Often, product teams and stakeholders turn to me and say “Can AI solve that?” I’m as excited as they are to solve problems with cutting-edge technology, but there is an incorrect underlying assumption. Sometimes, there’s the expectation that “AI” is going to magically produce results or insights that wouldn’t be possible any other way.
For example, given 1,000 resumes – magically find the best match for the job. Or, write an outreach email magically explaining why a prospect should buy our product.
AI is not magic, what we have is complex contraptions for automating what humans already do.
It seems like magic when a computer wins at chess, or pilots a self-driving car. But we shouldn’t expect that an algorithm is going to “figure out what is great” about 1 in 1,000 candidates, or “infer what the customer needs to hear.”
AI algorithms are improving rapidly. More and more software functionality seems like magic every day, with a broader range of problems solved in inspiring ways. However, there are very few situations where we can just “whip out some AI to solve the problem” because there is no actual magic, just a finely-tuned contraption.
Let’s stick with that resume example. Can we use AI to filter 1,000 resumes to find the best candidate for the job? Well, we can use a vector store that matches similar keywords (so we can match resumes to the job description without requiring the actual keywords to match). We can use LLMs to summarize the resume into features that we can feed into a classifier. We can train (using 100 manually evaluated examples) the classifier to pick resumes similar to the ones that we like. And if we have multiple human users, we can collaboratively filter resumes (recommend candidates other people liked).

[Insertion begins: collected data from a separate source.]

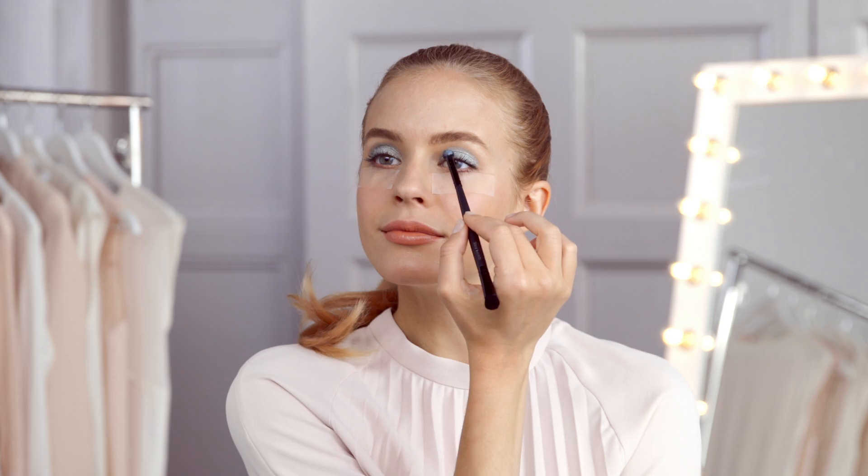Apply. Now dampen your applicator to make the loose powder stick better and spill less. Then slowly pat the powder on top of your cream eyeshadow until you feel the product has settled into place. And there you have it — loose eyeshadow applied easy.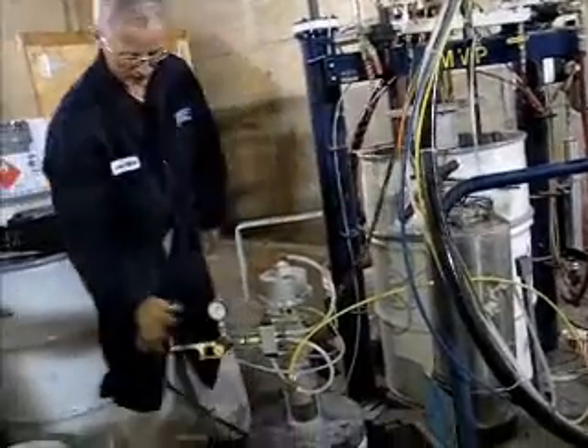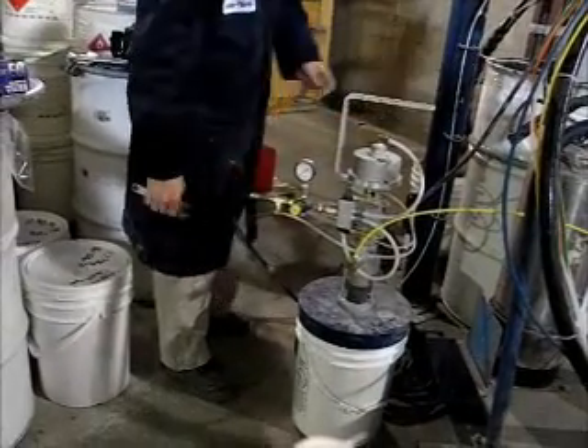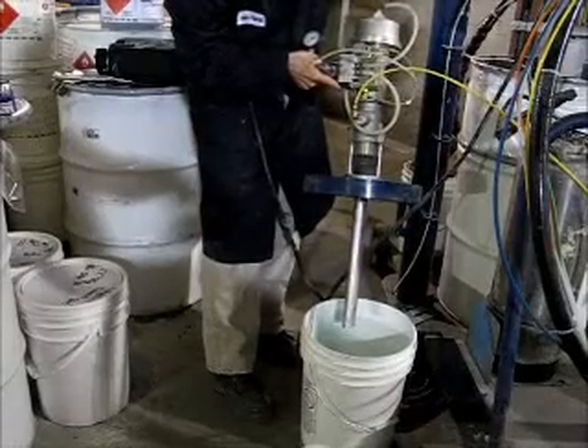So we have the airline from the manifold, we have the material line going to the gun, and we have the pickup in the acetone.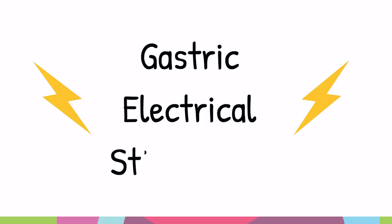This is Todd Ponsky. I'm a pediatric surgeon at Cincinnati Children's Hospital, and I want to talk to you about a brand new procedure called gastric electrical stimulation.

No part of that contraption fundamentally “understands” what makes a great candidate. It’s doing the same thing as if you reviewed all those resumes manually. Maybe it’s faster. If we’re successful, our system has recreated your bias perfectly. It picks the same ones you would’ve picked.
This isn’t to say there aren’t insights to be had. For example, our classifier might be able to tell us (after training on the training set) that the most important feature of any candidate is that they live in Seattle – which we didn’t explicitly encode.
“Understanding” is a blurry term these days. You can ask an LLM to justify its reasoning. In the example above, you could sort of build a system that recommends candidates “because they appear well rounded” or because “they have best-in-the-world skills in area x” (without the resume explicitly stating that). With a bit of statistically-weighted hallucination, the LLM can often make some good inferences. You’d still need a separate system to evaluate each candidate individually and then rank them. That sounds very similar to how a human would do it (with no magic).
Magic means “apparently having supernatural powers,” a definition that I won’t grant to AI. However, I think it’s also used to mean “beyond, or simply faster than, comprehension.” Electricity and running water are magic to me. I love it when my code does magical things. So, yes please let me create some AI magic for you.